Ivan Padovani, visual artist: “São Paulo is a challenge for anyone living here. It may be fascinating, offer opportunities, on the other hand, it curbs you. Each one deals with these hindrances their one way. You can ignore, tolerate, become numb or position yourself to have an active role building the city. To live in a contemporary urban space comes with looking into its problems and the process of juggling the experience of day-by-day survival in the metropolis. My work deals with this process through photography and installations.

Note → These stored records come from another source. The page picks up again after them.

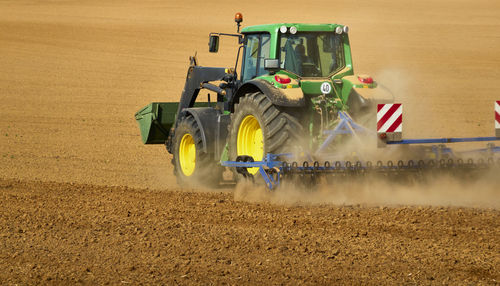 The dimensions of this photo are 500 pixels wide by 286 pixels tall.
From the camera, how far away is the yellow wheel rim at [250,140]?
9370mm

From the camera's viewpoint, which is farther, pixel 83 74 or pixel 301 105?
pixel 83 74

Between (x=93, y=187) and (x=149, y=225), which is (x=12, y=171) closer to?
(x=93, y=187)

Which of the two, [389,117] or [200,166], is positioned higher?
[389,117]

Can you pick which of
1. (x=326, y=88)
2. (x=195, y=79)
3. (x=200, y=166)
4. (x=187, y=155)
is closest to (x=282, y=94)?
(x=326, y=88)

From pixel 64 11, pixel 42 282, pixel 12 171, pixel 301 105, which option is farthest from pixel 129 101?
pixel 64 11

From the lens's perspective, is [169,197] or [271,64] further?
[169,197]

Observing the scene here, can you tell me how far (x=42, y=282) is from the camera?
5414 millimetres

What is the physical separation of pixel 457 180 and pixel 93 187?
485cm

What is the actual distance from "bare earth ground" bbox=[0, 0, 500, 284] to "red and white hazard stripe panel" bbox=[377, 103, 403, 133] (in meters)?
0.89

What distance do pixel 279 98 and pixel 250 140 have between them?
1.15m

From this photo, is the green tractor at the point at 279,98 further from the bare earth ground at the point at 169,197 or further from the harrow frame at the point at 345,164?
the bare earth ground at the point at 169,197

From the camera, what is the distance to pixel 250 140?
9477mm

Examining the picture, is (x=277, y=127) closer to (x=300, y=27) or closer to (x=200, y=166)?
(x=300, y=27)

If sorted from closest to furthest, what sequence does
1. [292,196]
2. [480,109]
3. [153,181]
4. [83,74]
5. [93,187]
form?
1. [292,196]
2. [93,187]
3. [153,181]
4. [480,109]
5. [83,74] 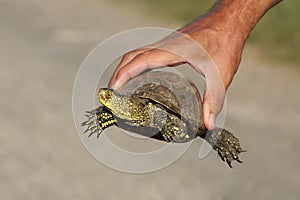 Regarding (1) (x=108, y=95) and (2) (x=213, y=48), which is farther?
(2) (x=213, y=48)

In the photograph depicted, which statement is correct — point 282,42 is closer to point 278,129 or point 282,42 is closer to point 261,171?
point 278,129

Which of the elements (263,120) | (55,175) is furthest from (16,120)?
(263,120)

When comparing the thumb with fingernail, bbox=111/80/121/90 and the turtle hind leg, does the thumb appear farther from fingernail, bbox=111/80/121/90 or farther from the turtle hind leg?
fingernail, bbox=111/80/121/90

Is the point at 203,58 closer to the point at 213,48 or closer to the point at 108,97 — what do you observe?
the point at 213,48

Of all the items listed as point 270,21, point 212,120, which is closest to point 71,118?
point 270,21

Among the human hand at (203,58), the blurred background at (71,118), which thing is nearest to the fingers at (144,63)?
the human hand at (203,58)

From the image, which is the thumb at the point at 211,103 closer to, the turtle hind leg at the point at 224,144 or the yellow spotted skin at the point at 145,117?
the yellow spotted skin at the point at 145,117
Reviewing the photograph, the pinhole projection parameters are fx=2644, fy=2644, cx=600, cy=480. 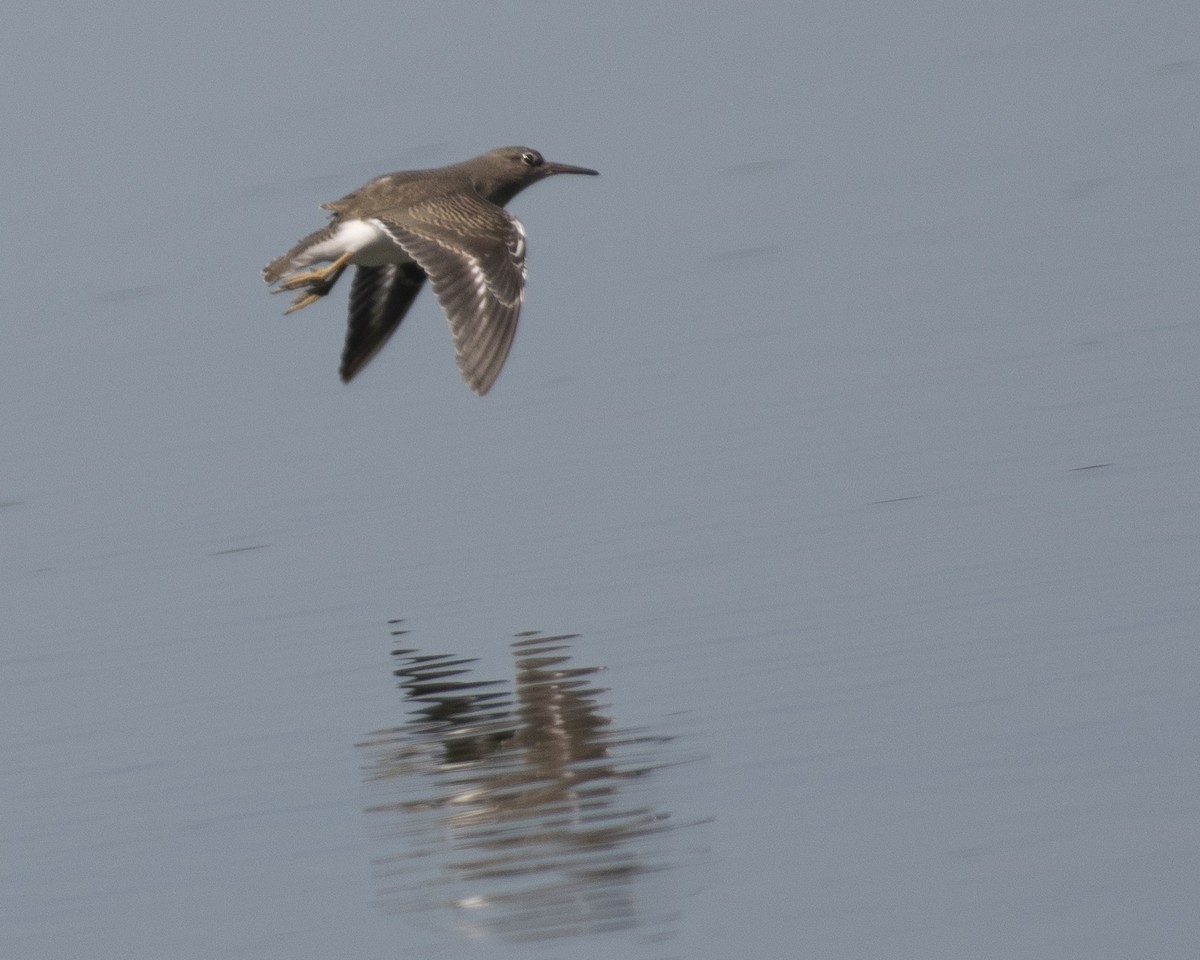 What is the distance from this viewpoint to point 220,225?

My main influence is urban architecture but I am also into vernacular architecture and owner-built experiences. For example, in the Trauma series (2018), the support for my images are panels made with a cement and cellulose compound, a material used mainly as cladding for industrial building façades. I have been employing it in different works for some time, as well as other building materials such as aluminum and steel. With them I try to simulate or reproduce a certain tactile, spatial and visual experience found in architecture. In the case of the Trauma series the photo is printed with mineral pigment on cotton paper and then glued on an aluminum panel then mounted on three layers of cement cladding.
Another work, “Campo Cego” (Blind Field, 2014), which deals with the faceless sprawl in architecture, is a series of thirty-five photos printed on cement and cellulose compound depicting the blind windowless side façades of high-rises in São Paulo. It was shown at the 15th Venice Biennale of Architecture, in 2016. “Campo Cego” until then the series had only being showed within the context of contemporary art so it was very interesting to witness it in an architectural context.
When one looks at the panorama of the São Paulo metropolis there is so much visual pollution. I try to discover a different point of view in this hectic camouflaged scenery. It is only natural for the human brain to defend itself from the harsh daily urban experiences in an overpowering city like ours, with all sorts of brash sound and visual impacts. This natural protection strongly influences the way we deal with the urban environment and can even generate numbness. When I photograph my focus is to enhance an otherwise banal, faceless, visual dimension of the city that goes unnoticed by most of its dwellers. Banal and empty spaces attract me I see them as areas full of potential that can be subjected to different interpretations.
If my work is able to influence people to relate to São Paulo’s special intensity in a different way the experience has been successful.”